EXERCISE OBJECTIVE: Line by line, copy out the entries exactly and leave the pictures behind.

GIVEN RECORDS:
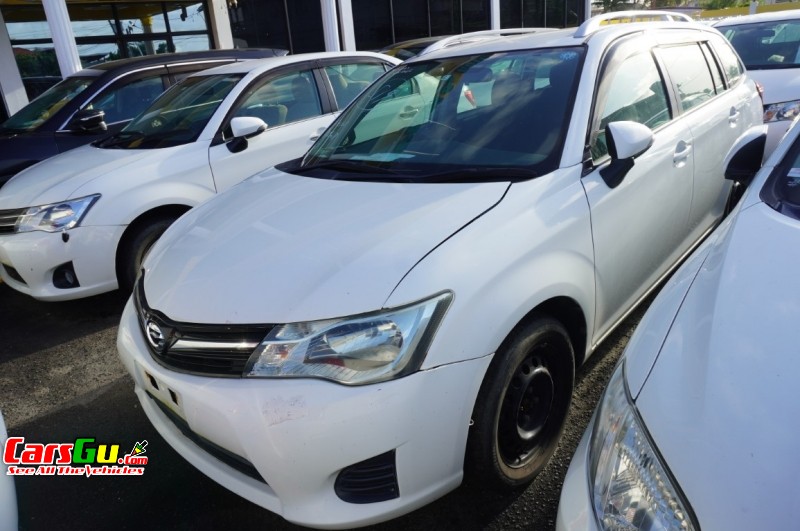 2012 Toyota Fielder image1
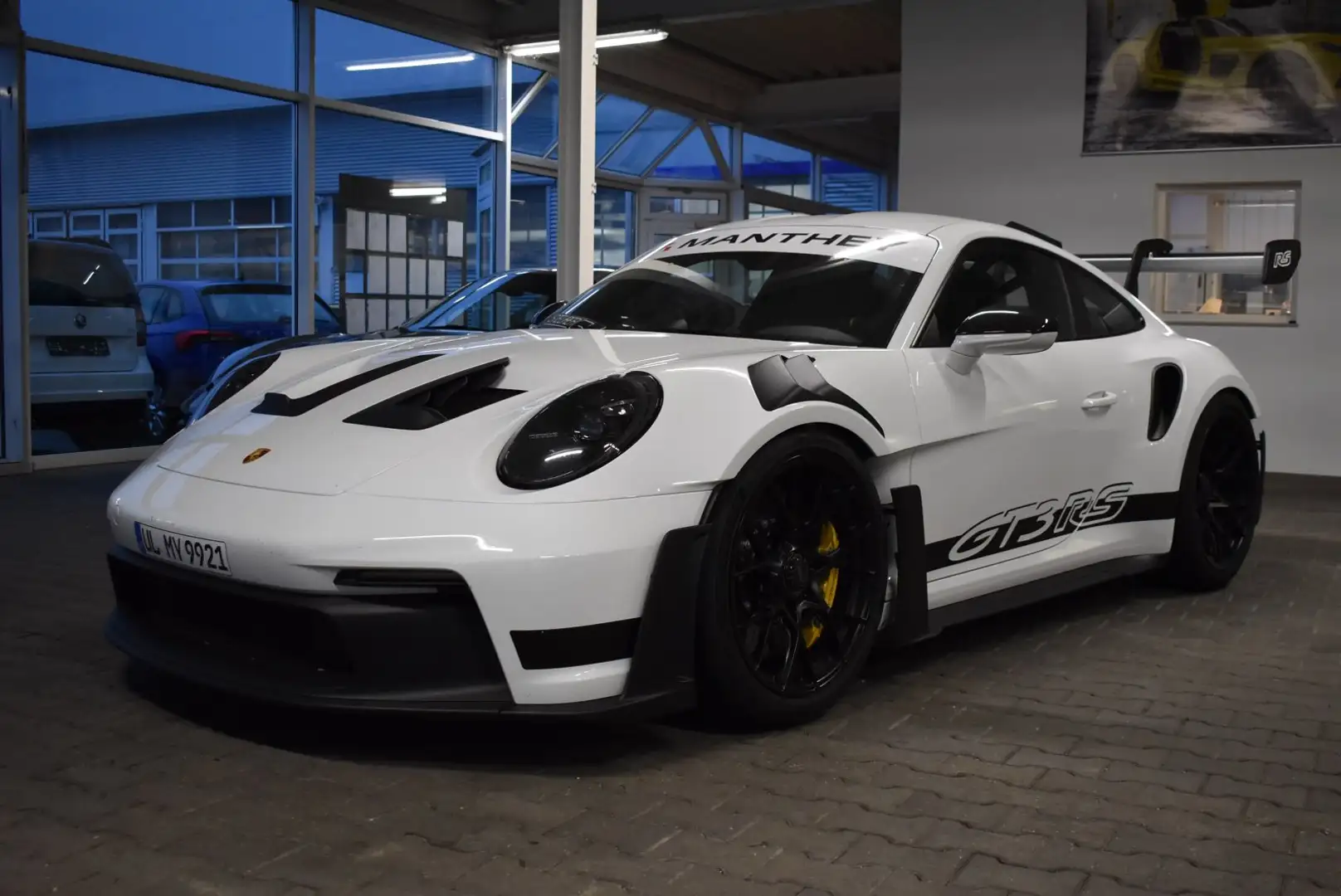 Porsche 992 992 GT3 RS LIFT PCCB Matrix XPEL Manthey Alb - 1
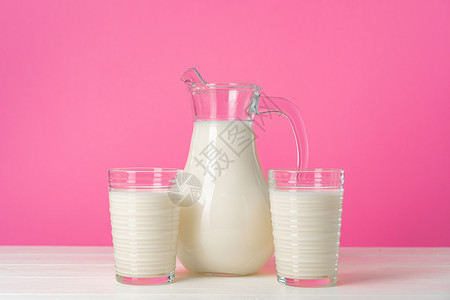 以粉粉色糊面为背景 配有新鲜牛奶的玻璃软件产品护理液体桌子食物瓶子婴儿商品背景图片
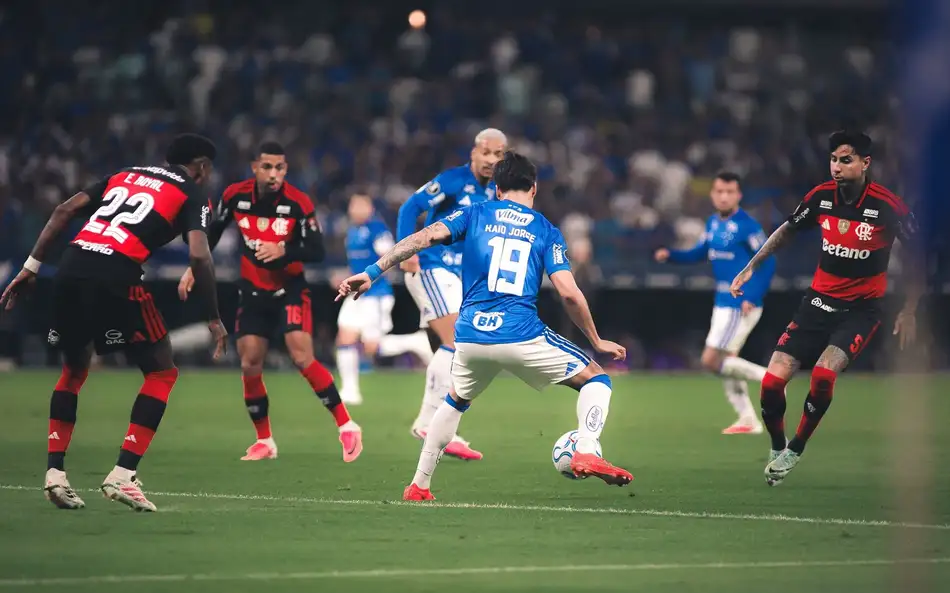 Cruzeiro deve poupar contra Flamengo de olho no clássico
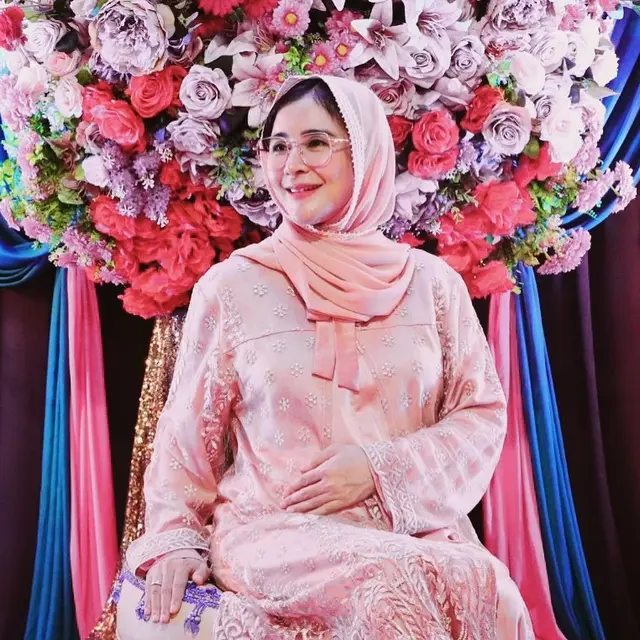 6 Potret Tasyakuran 7 Bulan Kehamilan Uut Permatasari, Penuh Kebahagiaan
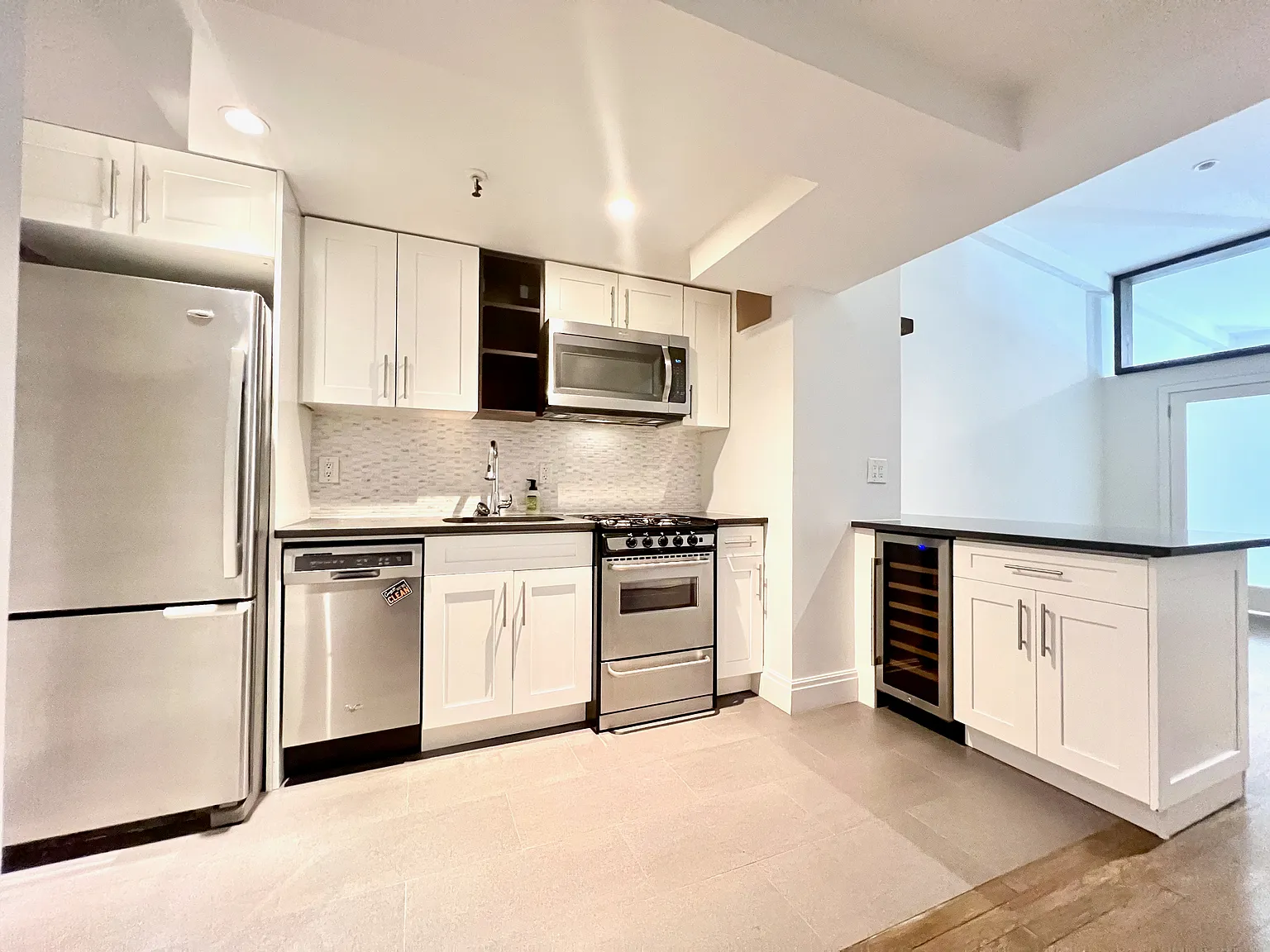 66 Pearl Street — Photo 3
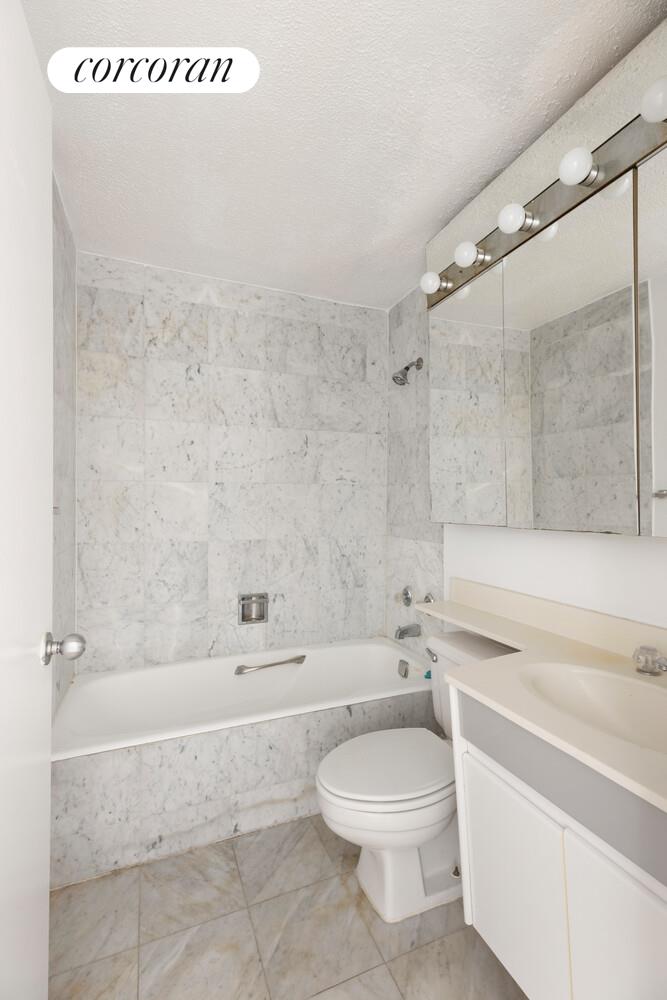 200 RECTOR Place 12F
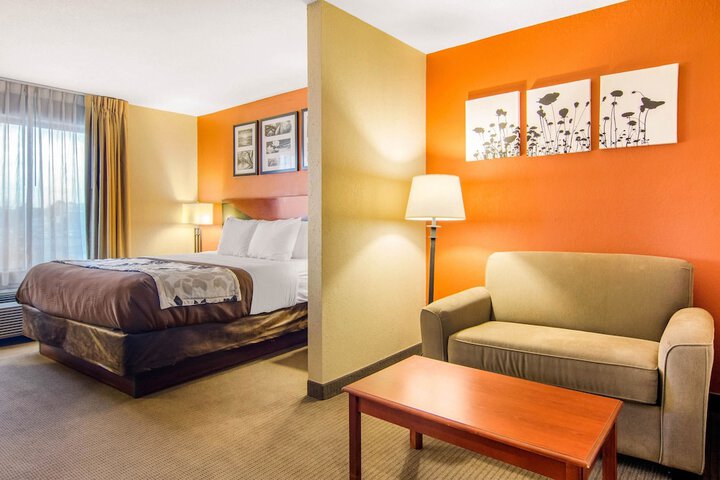 Room 15 of 30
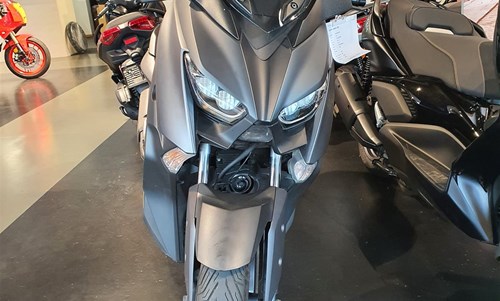 Yamaha XMAX 300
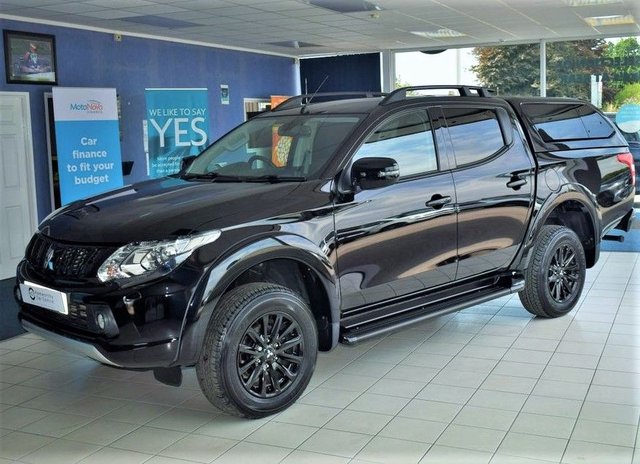 2019 19 Mitsubishi L200 2.4 DI-D BARBARIAN BLACK D/CAB 4d 178 BHP HARD-TOP EURO 6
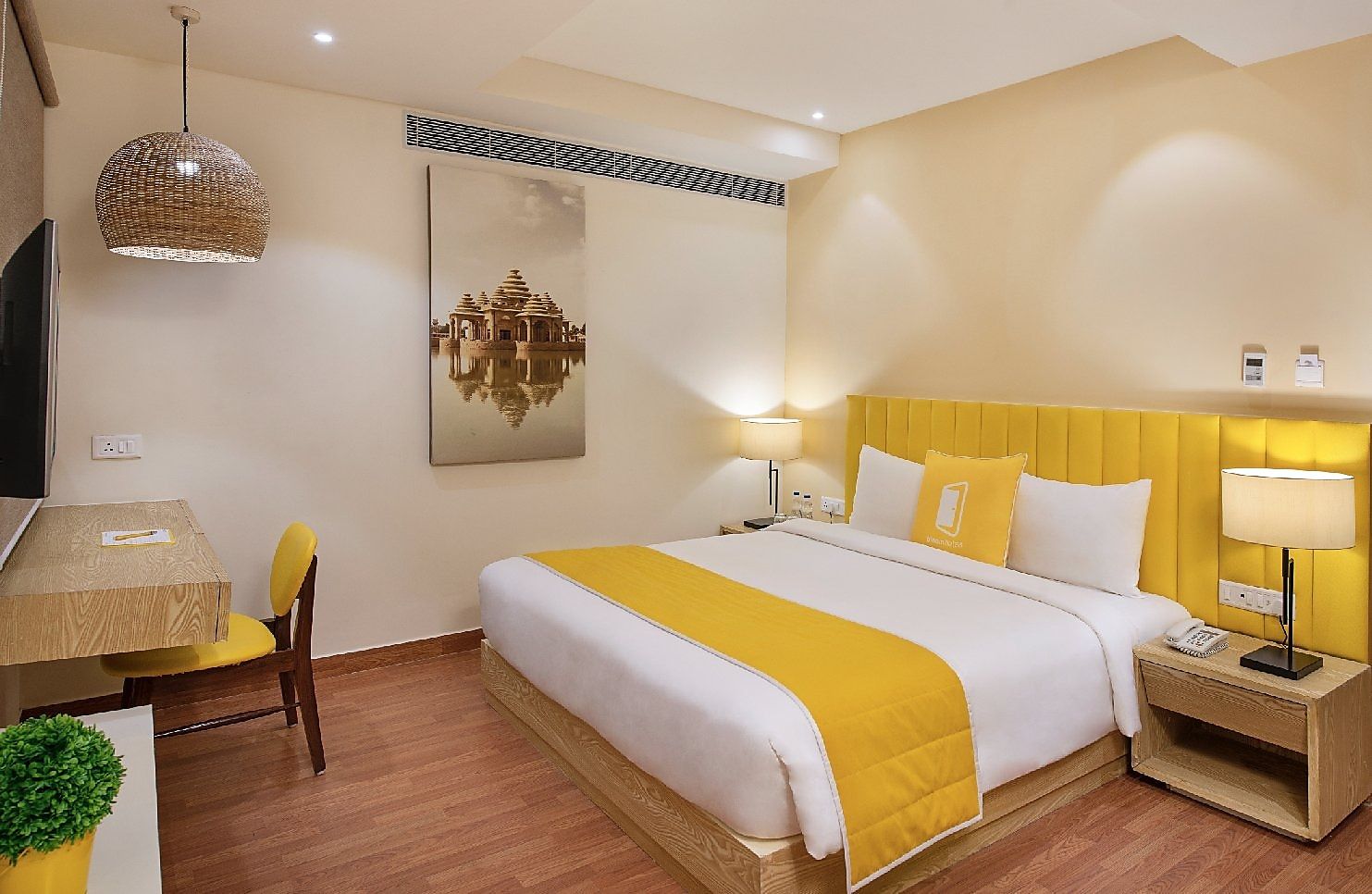 Bloom Boutique Ranjit Avenue Standard King Room 4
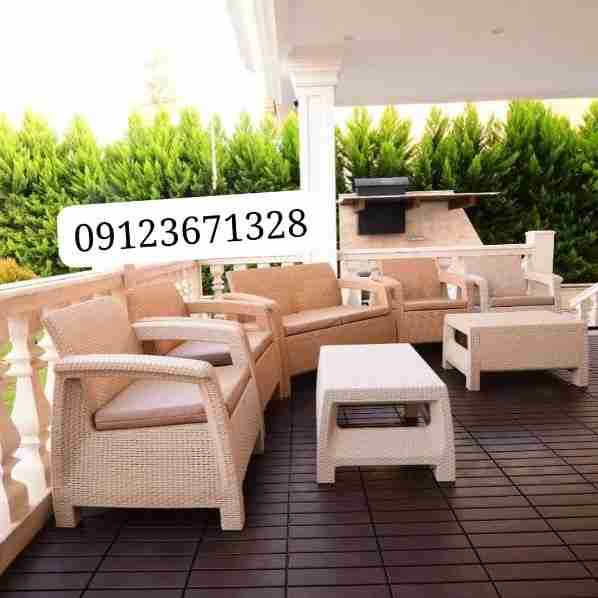 مبلمان باغی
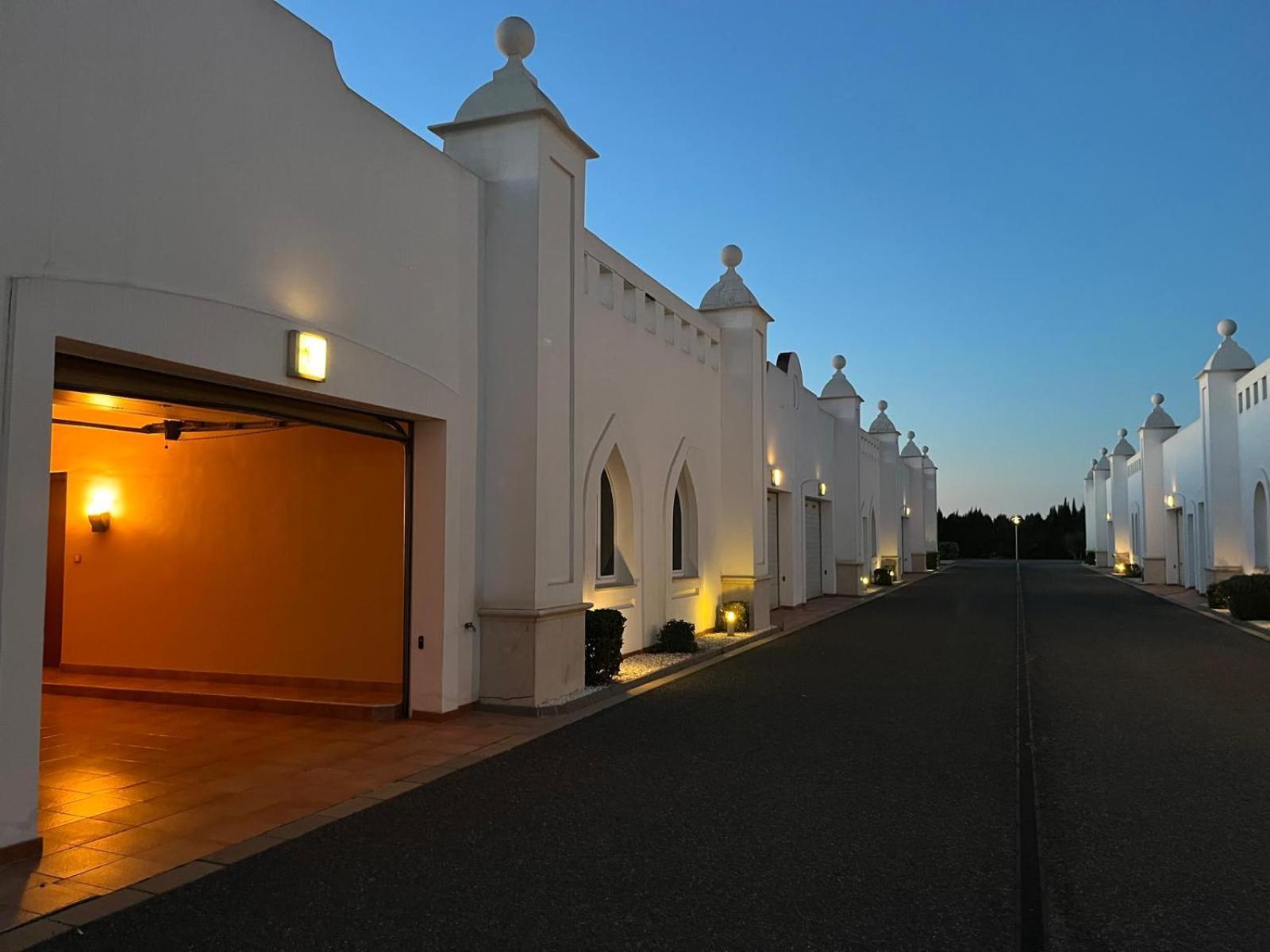 Alcalá de Guadaira Hotel Alkalat מראה חיצוני תמונה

ANSWER TO THE PROBLEM:
 2012 Toyota Fielder image1
 Porsche 992 992 GT3 RS LIFT PCCB Matrix XPEL Manthey Alb - 1
 以粉粉色糊面为背景 配有新鲜牛奶的玻璃软件产品护理液体桌子食物瓶子婴儿商品背景图片
 Cruzeiro deve poupar contra Flamengo de olho no clássico
 6 Potret Tasyakuran 7 Bulan Kehamilan Uut Permatasari, Penuh Kebahagiaan
 66 Pearl Street — Photo 3
 200 RECTOR Place 12F
 Room 15 of 30
 Yamaha XMAX 300
 2019 19 Mitsubishi L200 2.4 DI-D BARBARIAN BLACK D/CAB 4d 178 BHP HARD-TOP EURO 6
 Bloom Boutique Ranjit Avenue Standard King Room 4
 مبلمان باغی
 Alcalá de Guadaira Hotel Alkalat מראה חיצוני תמונה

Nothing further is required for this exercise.